- [WORK ITEM]: Write the following entries out again exactly, skipping each image.

- [DATASET ENTRIES]:
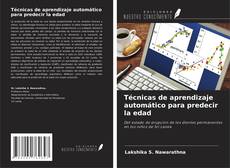 Buchcover von Técnicas de aprendizaje automático para predecir la edad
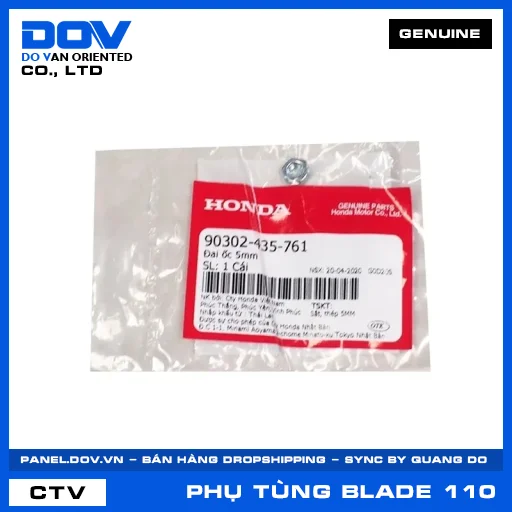 ĐAI ỐC 5MM BLADE 110 — 90302435761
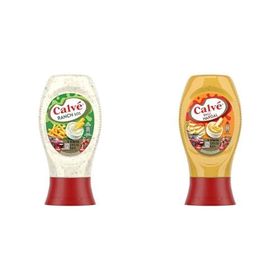 Calve Ranch Sos 245 gr + 260 gr Ballı Hardal Sos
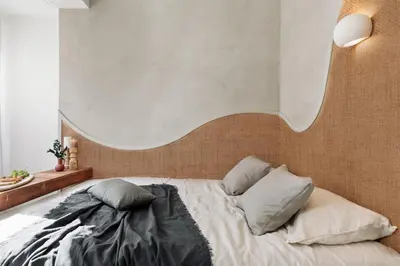 a bedroom with a large bed and a window at Ona - 2 bedrooms in Sant Gervasi in Barcelona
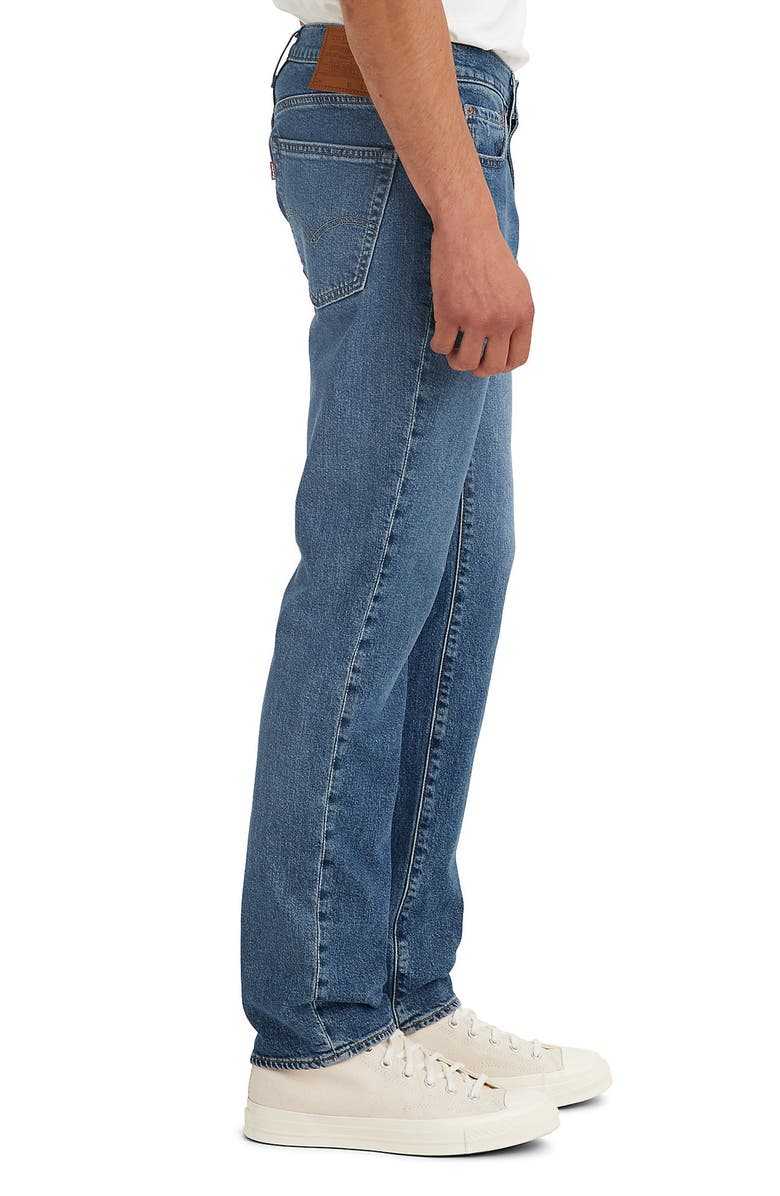 Levi's<sup>®</sup> 511<sup>™</sup> Slim Fit Stretch Selvedge Jeans, Alternate, color, Brighter Days Selvedge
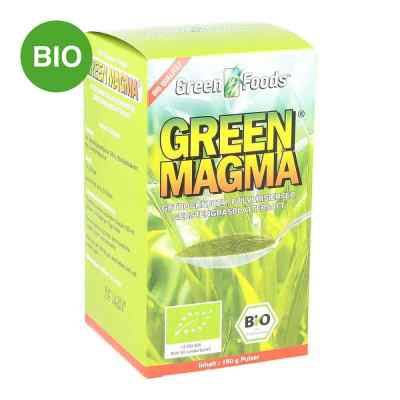Green Magma wyciąg z zielonego jęczmienia zamów na apo-discounter.pl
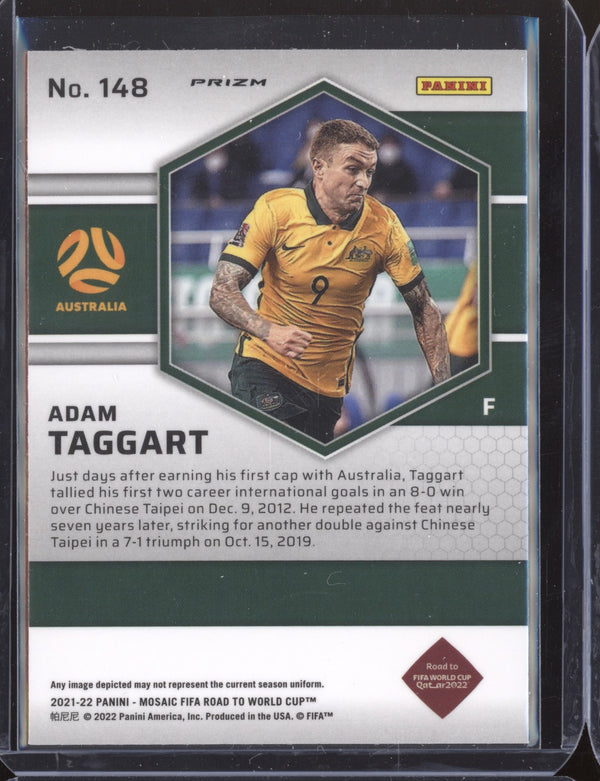 Adam Taggart 2022 Panini Mosaic RTWC 148 Mosaic RC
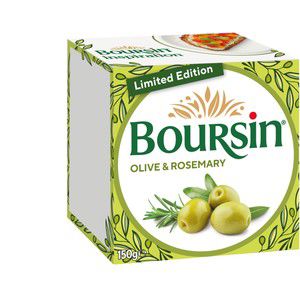 Färskost med oliv/rosmarin 150g Boursin product image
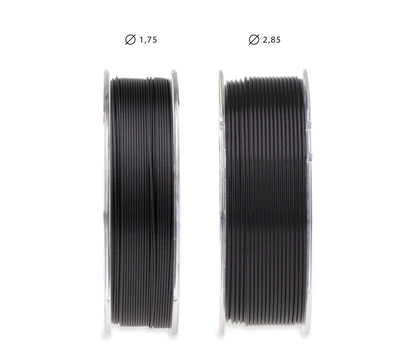extrudr® XPETG MATT ø1.75mm (1kg) 'BLACK' - 3D printer filament - Made in Austria - highest quality at a fair price!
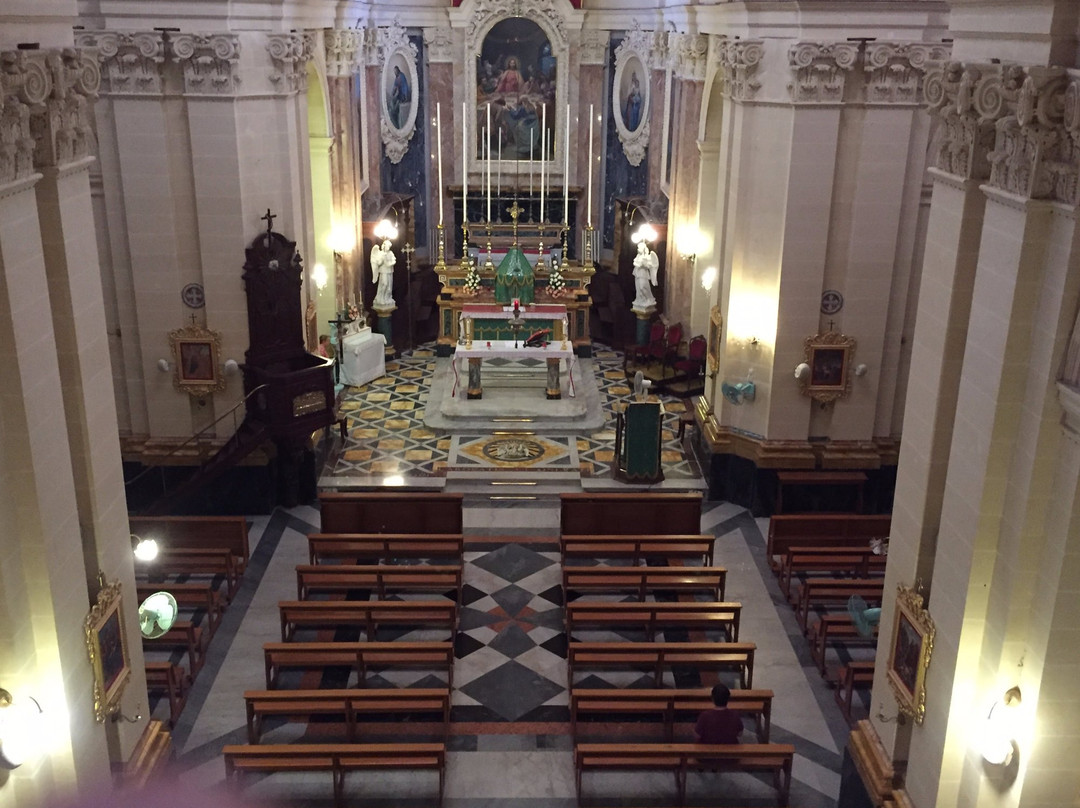 Corpus Christi Parish Church-Ghasri必去景点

- [RESPONSE FOR THIS EXERCISE]:
 Buchcover von Técnicas de aprendizaje automático para predecir la edad
 ĐAI ỐC 5MM BLADE 110 — 90302435761
 Calve Ranch Sos 245 gr + 260 gr Ballı Hardal Sos
 a bedroom with a large bed and a window at Ona - 2 bedrooms in Sant Gervasi in Barcelona
 Levi's<sup>®</sup> 511<sup>™</sup> Slim Fit Stretch Selvedge Jeans, Alternate, color, Brighter Days Selvedge
Green Magma wyciąg z zielonego jęczmienia zamów na apo-discounter.pl
 Adam Taggart 2022 Panini Mosaic RTWC 148 Mosaic RC
 Färskost med oliv/rosmarin 150g Boursin product image
extrudr® XPETG MATT ø1.75mm (1kg) 'BLACK' - 3D printer filament - Made in Austria - highest quality at a fair price!
 Corpus Christi Parish Church-Ghasri必去景点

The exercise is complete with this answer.